Inicialmente, Eduardo VII se inclinaba hacia dejar el brillante en su estado natural. Sus rasgos en bruto, un portal hacia los intestinos de la remota y guerrera Sudáfrica, poseían, según se cuenta, una belleza primitiva y cautivadora. Finalmente se determinó, empero, que sería pertinente un fino proceso de pulido y acondicionamiento antes de que el joyel pasara a nutrir el joyero real. Le fue confiada la tarea a Joseph Asscher, que de inmediato partió a Ámsterdam, sede de una de las casas más prestigiosas del mundo en este campo. El proceso fue duro. El mineral se negaba a doblegarse. A los primeros golpes del cuchillo de Asscher, la hoja se rompió quedando el diamante intacto.

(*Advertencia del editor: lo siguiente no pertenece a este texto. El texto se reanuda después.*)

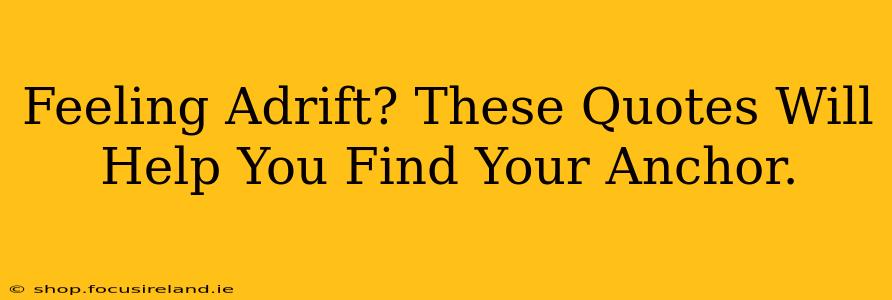 Feeling Adrift? These Quotes Will Help You Find Your Anchor.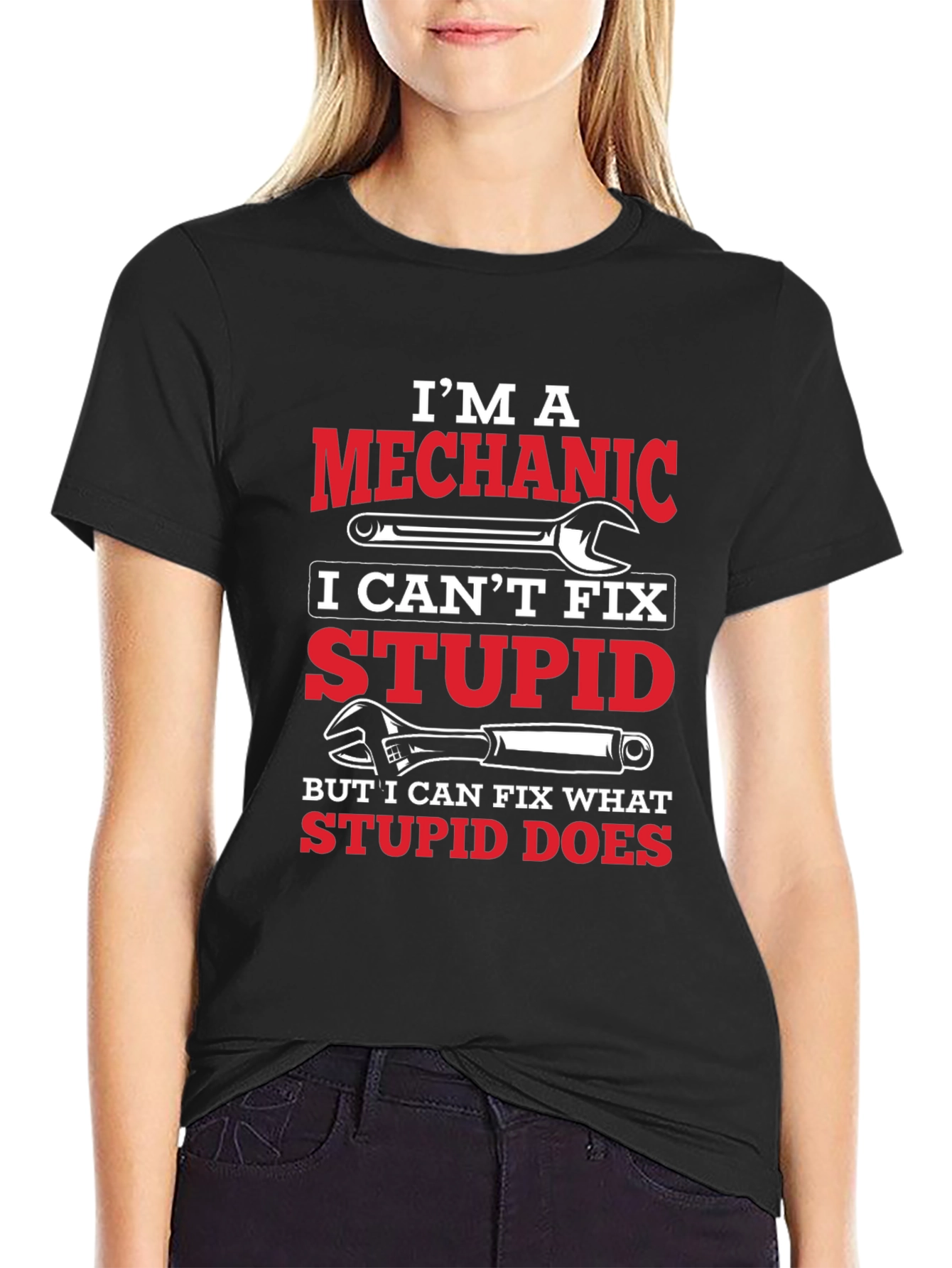 Mechanic T-Shirt: I Can Fix What Stupid Does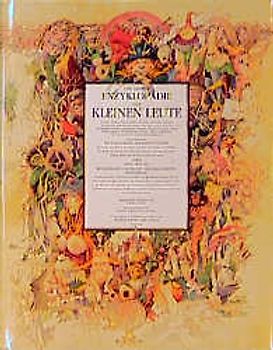 Die grosse Enzyklopädie der kleinen Leute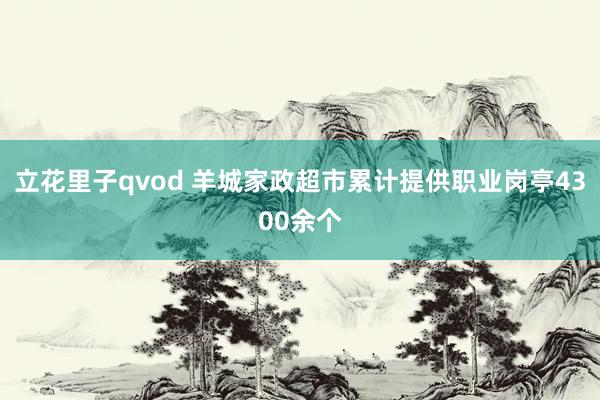 立花里子qvod 羊城家政超市累计提供职业岗亭4300余个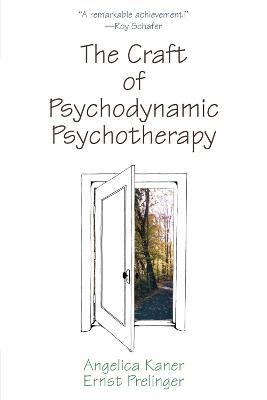 The Craft of Psychodynamic Psychotherapy - Angelica Kaner,Ernst Prelinger - cover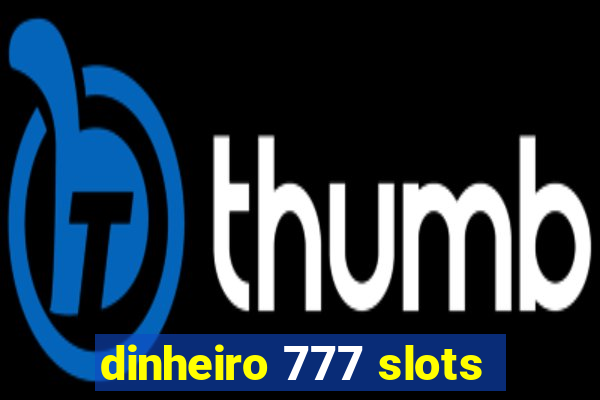 dinheiro 777 slots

Tras concienzudos empeños por parte del equipo de joyeros, la pieza acabó siendo dividida en dos. Con el tiempo, la primera y más grande volvió a fragmentarse en varios trozos. Dando así lugar a una familia, la Cullinan, que durante cien años ha sido preciado tesoro de reyes y reinas y, un poco, también de los súbditos. A lo largo de los años, se han podido ver en broches y cetros, atrayendo miradas y suspiros. Ahora vuelven a ser motivo de crónicas y reportajes. Serán parte de la corona que la nueva reina consorte, Camila Parker, llevará durante la ceremonia que proclamará a Carlos III cabeza de la Commonwealth. Y fue la fortuna lo que separó a esta inmensa piedra del olvido y la catapultó a la grandeza de la aristocracia. Una palada de tierra podría haberla enterrado en los subsuelos africanos quizás hasta nunca. Quizás para siempre.